Hi,
I’m trying to create an aggregateWindow (for downsampling) that contains data points with fields that have multiple types (string, int & float).
Here’s an incredibly simplified version of what’s happening
First we’ll create a empty influxdb v2 db container
docker run --rm -p 8086:8086 \
-e DOCKER_INFLUXDB_INIT_MODE=setup \
-e DOCKER_INFLUXDB_INIT_USERNAME=admin \
-e DOCKER_INFLUXDB_INIT_PASSWORD=password12345 \
-e DOCKER_INFLUXDB_INIT_ORG=scrutiny \
-e DOCKER_INFLUXDB_INIT_BUCKET=metrics \
-e DOCKER_INFLUXDB_INIT_ADMIN_TOKEN=my-super-secret-auth-token \
influxdb:2.0
After that, we’ll populate influxDB with 4 data points: 2 points for each “device_wwn”
curl --request POST \
"http://localhost:8086/api/v2/write?org=scrutiny&bucket=metrics&precision=ns" \
--header "Authorization: Token my-super-secret-auth-token" \
--header "Content-Type: text/plain; charset=utf-8" \
--header "Accept: application/json" \
--data-binary '
smart,device_wwn=diskdeviceid01,protocol="NVMe" temperature=70.00,attr.power_cycles.attribute_id="power_cycles",attr.power_cycles.value=100,attr.host_reads.attribute_id="host_reads",attr.host_reads.value=1000 1642291849000000000
smart,device_wwn=diskdeviceid01,protocol="NVMe" temperature=80.00,attr.power_cycles.attribute_id="power_cycles",attr.power_cycles.value=110,attr.host_reads.attribute_id="host_reads",attr.host_reads.value=2000 1642291909000000000
smart,device_wwn=diskdeviceid02,protocol="ATA" temperature=70.00,attr.1.attribute_id="1",attr.1.value=100,attr.2.attribute_id="2",attr.2.value=1000 1642291649000000000
smart,device_wwn=diskdeviceid02,protocol="ATA" temperature=80.00,attr.1.attribute_id="1",attr.1.value=110,attr.2.attribute_id="2",attr.2.value=2000 1642291709000000000
'
Finally we’ll attempt to aggregate/downsample the data we just wrote (down to 1 data point per unique “device_wwn”:
Ideally the two datapoints should be:
smart,device_wwn=diskdeviceid01,protocol="NVMe" temperature=75.00,attr.power_cycles.attribute_id="power_cycles",attr.power_cycles.value=105,attr.host_reads.attribute_id="host_reads",attr.host_reads.value=1500 1642291909000000000
smart,device_wwn=diskdeviceid02,protocol="ATA" temperature=75.00,attr.1.attribute_id="1",attr.1.value=105,attr.2.attribute_id="2",attr.2.value=15000 1642291709000000000
This aggregateWindow query fails
curl -vvv --request POST "http://localhost:8086/api/v2/query?org=scrutiny" \
--header 'Authorization: Token my-super-secret-auth-token' \
--header 'Accept: application/csv' \
--header 'Content-type: application/vnd.flux' \
--data 'import "influxdata/influxdb/schema"

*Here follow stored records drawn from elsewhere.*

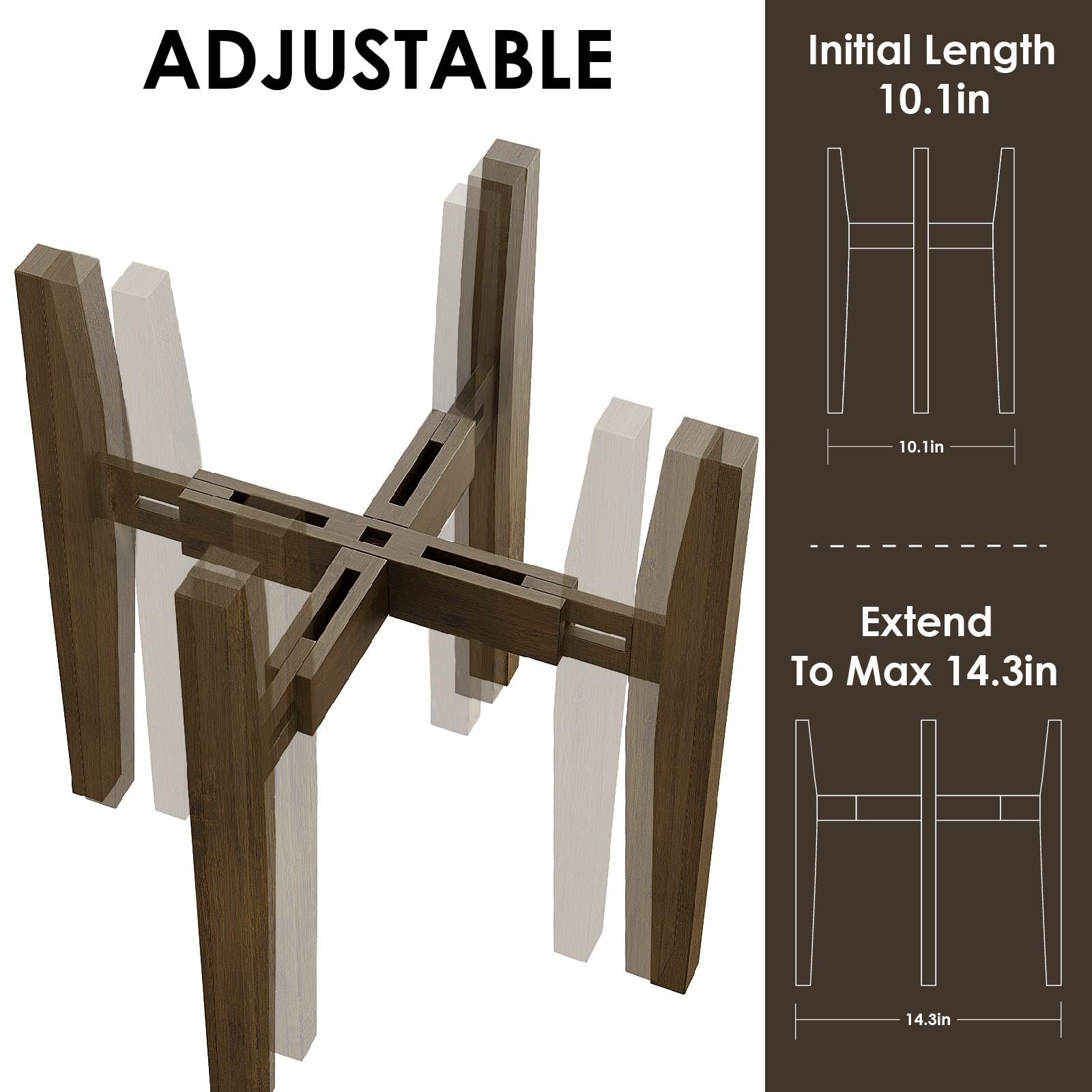 Bamworld Blumenhocker Outdoor Blumenständer Bambus Pflanzenhocker Indoor Blumentreppe Outdoor Wetterfest Blumenbank Für Draußen Blumenregal Balkon Teleskop Blumenregal Wohnzimmer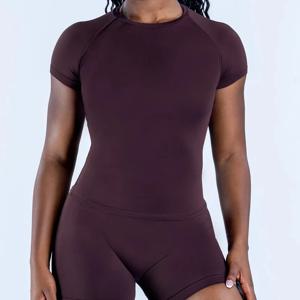 여성용 반팔 스포츠 티셔츠 로고, 크롭 짐 탑, 가벼운 요가 탑, 신축성 있는 운동 티셔츠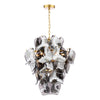 Genoa 8 Light Pendant Natural Brass/Smoked Glass picture with swiithed on light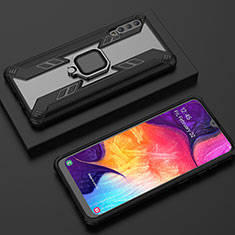 Silikon Hülle Handyhülle und Kunststoff Schutzhülle Hartschalen Tasche mit Magnetisch Fingerring Ständer KC6 für Samsung Galaxy A50 Schwarz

smart_data = from(bucket: "metrics")
|> range(start: -2y, stop: now())
|> filter(fn: (r) => r["_measurement"] == "smart" )
|> filter(fn: (r) => r["_field"] !~ /(_measurement|protocol|device_wwn)/)
smart_data
|> aggregateWindow(fn: mean, every: 1w)
|> group(columns: ["device_wwn"])
|> schema.fieldsAsCols()'
{"code":"invalid","message":"unsupported input type for mean aggregate: string"}%
But if we filter out the “attribute_id” field (which is of type string), everything works:
curl -vvv --request POST "http://localhost:8086/api/v2/query?org=scrutiny" \
--header 'Authorization: Token my-super-secret-auth-token' \
--header 'Accept: application/csv' \
--header 'Content-type: application/vnd.flux' \
--data 'import "influxdata/influxdb/schema"
smart_data = from(bucket: "metrics")
|> range(start: -2y, stop: now())
|> filter(fn: (r) => r["_measurement"] == "smart" )
|> filter(fn: (r) => r["_field"] !~ /(_measurement|protocol|device_wwn|attribute_id)/)
smart_data
|> aggregateWindow(fn: mean, every: 1w)
|> group(columns: ["device_wwn"])
|> schema.fieldsAsCols()'
As I mentioned above, this is an incredibly simplified version of my dataset, and we have dozens of fields for each point, with 1/3 being string values (which are constants). I need to find a way to have them copied into the aggregated data.